• **WHAT IS BEING ASKED**:
Only the lines from the top of the data through the line with "Uebungsblatt Bungsaufgaben Mit" should be repeated, each exactly as written.

Extracted data entries
+-------+

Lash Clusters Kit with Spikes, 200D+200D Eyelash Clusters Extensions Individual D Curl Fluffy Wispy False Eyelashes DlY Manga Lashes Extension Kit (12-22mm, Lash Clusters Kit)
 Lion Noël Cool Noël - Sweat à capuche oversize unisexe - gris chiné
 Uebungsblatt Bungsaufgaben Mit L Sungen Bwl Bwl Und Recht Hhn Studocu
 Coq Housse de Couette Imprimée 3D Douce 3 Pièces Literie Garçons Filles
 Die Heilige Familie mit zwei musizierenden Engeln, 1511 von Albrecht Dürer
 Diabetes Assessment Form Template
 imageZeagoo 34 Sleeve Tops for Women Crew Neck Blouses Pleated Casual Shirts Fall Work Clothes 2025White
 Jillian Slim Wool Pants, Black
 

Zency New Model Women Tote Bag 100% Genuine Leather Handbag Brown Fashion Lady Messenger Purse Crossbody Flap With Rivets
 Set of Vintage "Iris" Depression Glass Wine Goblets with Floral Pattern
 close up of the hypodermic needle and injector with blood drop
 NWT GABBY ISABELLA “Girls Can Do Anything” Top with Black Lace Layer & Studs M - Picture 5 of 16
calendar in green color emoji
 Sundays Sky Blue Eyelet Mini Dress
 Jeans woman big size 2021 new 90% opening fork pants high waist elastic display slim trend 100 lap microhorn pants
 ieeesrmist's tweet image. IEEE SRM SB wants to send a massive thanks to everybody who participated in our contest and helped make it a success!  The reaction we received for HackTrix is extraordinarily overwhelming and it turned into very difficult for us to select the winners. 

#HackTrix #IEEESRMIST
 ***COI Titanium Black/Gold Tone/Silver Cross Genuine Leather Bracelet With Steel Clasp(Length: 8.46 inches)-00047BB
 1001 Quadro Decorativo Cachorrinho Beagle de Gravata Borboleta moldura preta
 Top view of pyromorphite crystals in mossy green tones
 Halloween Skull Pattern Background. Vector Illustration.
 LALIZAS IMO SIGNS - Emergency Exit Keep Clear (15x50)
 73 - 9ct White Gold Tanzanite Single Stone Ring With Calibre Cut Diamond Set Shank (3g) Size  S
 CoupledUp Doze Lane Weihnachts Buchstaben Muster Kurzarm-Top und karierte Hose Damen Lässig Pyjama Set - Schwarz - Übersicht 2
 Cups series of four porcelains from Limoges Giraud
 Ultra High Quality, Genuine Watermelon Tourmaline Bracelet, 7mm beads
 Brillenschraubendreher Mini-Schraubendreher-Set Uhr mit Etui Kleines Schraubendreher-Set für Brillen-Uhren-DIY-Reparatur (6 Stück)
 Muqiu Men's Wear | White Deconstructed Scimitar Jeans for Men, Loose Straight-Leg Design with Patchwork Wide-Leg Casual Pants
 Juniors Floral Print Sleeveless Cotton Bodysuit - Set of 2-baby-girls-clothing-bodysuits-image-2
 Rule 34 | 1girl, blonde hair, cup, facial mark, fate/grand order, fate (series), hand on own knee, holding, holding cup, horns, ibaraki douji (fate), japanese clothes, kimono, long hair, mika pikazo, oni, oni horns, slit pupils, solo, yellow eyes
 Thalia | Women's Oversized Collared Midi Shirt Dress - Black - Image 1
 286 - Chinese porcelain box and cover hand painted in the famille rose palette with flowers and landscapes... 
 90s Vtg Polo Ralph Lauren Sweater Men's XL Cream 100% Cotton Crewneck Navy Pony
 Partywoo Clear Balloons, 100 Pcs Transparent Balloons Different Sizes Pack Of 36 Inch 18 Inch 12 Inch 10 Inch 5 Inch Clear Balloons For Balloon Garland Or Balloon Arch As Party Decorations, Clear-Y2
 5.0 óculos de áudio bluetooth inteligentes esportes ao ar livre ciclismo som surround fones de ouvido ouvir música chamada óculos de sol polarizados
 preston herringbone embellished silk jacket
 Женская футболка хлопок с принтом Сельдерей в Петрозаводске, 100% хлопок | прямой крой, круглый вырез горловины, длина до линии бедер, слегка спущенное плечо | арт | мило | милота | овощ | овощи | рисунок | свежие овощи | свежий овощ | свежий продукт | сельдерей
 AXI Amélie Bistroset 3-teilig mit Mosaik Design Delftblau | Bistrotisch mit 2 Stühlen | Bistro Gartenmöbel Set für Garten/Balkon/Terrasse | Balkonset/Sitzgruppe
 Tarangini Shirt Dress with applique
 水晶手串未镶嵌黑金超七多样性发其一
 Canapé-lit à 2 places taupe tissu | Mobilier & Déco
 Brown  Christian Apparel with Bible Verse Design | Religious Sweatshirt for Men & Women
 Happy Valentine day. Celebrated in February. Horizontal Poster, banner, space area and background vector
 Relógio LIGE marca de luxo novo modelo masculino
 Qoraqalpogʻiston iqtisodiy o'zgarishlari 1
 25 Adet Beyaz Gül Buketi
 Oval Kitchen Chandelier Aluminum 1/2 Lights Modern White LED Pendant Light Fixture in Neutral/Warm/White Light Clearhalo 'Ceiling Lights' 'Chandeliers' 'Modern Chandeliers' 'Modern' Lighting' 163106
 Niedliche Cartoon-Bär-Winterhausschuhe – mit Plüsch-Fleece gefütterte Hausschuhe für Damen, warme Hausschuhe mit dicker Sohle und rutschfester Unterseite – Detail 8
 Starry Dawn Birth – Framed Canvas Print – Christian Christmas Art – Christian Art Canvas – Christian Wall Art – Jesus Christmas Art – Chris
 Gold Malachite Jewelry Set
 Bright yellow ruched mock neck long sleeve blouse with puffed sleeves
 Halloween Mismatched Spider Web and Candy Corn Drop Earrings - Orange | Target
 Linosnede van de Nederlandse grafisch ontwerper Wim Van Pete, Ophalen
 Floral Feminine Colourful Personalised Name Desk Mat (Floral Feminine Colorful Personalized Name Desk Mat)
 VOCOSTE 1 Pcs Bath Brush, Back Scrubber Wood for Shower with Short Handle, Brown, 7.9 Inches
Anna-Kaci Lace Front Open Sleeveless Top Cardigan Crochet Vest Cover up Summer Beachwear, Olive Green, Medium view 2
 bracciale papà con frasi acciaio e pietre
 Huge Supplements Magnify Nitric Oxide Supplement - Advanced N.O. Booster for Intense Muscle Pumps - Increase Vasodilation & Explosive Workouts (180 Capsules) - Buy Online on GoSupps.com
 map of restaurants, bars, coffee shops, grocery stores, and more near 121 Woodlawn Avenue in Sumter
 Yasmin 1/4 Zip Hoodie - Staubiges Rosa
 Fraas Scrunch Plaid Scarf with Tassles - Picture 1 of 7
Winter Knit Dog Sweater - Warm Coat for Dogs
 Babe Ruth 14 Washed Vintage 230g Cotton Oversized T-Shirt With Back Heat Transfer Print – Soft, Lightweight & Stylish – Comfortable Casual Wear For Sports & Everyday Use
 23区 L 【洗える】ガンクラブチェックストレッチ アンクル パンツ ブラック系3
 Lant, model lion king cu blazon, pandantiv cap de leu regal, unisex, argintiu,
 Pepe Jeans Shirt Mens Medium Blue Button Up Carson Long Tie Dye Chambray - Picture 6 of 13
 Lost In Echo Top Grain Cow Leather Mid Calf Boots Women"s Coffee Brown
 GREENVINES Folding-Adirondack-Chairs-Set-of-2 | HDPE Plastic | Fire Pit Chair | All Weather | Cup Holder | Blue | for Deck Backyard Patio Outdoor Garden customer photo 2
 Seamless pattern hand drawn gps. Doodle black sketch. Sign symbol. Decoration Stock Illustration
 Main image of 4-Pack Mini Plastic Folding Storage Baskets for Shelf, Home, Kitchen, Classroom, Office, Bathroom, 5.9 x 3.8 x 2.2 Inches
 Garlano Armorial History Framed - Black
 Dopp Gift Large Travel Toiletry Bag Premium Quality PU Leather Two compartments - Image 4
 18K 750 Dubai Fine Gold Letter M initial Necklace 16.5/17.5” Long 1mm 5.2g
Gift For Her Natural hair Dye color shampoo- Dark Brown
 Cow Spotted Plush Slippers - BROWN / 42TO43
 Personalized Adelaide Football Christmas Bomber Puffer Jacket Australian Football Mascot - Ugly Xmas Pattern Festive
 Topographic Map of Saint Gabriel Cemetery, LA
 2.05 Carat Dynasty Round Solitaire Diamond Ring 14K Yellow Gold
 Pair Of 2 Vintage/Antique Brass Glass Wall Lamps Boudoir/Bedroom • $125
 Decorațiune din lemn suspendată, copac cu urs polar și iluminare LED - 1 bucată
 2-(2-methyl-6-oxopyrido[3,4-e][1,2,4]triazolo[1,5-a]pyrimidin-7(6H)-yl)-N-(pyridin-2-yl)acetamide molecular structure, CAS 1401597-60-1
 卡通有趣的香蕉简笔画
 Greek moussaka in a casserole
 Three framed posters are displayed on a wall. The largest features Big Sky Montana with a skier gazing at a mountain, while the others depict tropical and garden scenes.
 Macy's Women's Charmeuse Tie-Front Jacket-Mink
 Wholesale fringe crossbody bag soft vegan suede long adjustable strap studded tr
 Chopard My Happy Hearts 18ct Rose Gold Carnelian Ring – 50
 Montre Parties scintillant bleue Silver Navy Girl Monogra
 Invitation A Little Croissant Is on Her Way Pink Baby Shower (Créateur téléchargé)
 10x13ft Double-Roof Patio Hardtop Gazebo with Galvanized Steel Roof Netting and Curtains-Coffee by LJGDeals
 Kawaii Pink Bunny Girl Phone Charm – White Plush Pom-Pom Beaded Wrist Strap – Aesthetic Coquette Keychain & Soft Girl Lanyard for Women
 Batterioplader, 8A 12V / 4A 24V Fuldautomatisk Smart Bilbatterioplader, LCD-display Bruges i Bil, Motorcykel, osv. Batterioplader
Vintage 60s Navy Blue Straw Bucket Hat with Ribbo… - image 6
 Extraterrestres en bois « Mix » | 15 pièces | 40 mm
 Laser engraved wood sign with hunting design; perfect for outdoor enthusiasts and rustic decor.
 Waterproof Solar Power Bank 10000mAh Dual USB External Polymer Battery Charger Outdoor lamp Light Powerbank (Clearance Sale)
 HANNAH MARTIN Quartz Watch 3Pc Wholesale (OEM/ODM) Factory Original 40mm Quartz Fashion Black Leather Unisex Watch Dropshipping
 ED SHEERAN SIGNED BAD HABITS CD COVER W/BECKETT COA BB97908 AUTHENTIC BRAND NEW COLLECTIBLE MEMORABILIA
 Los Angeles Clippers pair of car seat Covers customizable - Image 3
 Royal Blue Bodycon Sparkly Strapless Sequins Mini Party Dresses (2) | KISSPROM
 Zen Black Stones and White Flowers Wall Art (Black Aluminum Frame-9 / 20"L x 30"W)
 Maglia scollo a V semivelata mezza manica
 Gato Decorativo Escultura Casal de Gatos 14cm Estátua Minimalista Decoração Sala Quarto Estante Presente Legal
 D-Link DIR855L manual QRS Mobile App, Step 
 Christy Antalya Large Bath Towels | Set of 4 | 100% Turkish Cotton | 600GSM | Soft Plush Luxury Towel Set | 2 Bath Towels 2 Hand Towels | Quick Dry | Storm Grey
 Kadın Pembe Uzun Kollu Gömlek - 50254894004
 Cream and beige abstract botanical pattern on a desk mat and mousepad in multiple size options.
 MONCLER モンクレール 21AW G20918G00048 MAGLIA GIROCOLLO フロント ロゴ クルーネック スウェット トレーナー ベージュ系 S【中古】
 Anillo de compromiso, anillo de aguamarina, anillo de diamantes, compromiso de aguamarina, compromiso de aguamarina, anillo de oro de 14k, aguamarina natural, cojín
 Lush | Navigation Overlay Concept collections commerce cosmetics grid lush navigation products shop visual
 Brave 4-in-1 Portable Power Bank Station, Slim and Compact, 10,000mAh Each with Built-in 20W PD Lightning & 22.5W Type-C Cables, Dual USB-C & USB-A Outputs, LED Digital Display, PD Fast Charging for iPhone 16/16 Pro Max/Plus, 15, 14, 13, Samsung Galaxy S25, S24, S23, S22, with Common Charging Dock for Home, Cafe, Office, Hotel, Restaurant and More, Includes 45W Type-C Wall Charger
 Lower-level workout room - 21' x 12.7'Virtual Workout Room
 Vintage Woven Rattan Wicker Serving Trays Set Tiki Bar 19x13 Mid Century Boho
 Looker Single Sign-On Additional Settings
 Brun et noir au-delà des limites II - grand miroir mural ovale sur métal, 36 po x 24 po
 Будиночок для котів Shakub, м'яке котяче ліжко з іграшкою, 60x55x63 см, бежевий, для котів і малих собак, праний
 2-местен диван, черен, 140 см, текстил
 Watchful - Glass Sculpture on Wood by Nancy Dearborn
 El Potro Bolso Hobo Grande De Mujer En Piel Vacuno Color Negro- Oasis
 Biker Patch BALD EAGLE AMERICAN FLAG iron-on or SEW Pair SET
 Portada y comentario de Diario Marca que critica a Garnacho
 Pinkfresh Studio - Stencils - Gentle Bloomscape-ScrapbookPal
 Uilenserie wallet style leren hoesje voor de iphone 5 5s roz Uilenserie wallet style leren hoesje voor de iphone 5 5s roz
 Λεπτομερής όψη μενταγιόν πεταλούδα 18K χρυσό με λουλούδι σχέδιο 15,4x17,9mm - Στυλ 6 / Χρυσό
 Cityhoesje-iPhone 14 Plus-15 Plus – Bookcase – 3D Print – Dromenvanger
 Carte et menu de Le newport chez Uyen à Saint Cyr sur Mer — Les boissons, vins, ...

+-------+

• **ANSWER SECTION**:
Lash Clusters Kit with Spikes, 200D+200D Eyelash Clusters Extensions Individual D Curl Fluffy Wispy False Eyelashes DlY Manga Lashes Extension Kit (12-22mm, Lash Clusters Kit)
 Lion Noël Cool Noël - Sweat à capuche oversize unisexe - gris chiné
 Uebungsblatt Bungsaufgaben Mit L Sungen Bwl Bwl Und Recht Hhn Studocu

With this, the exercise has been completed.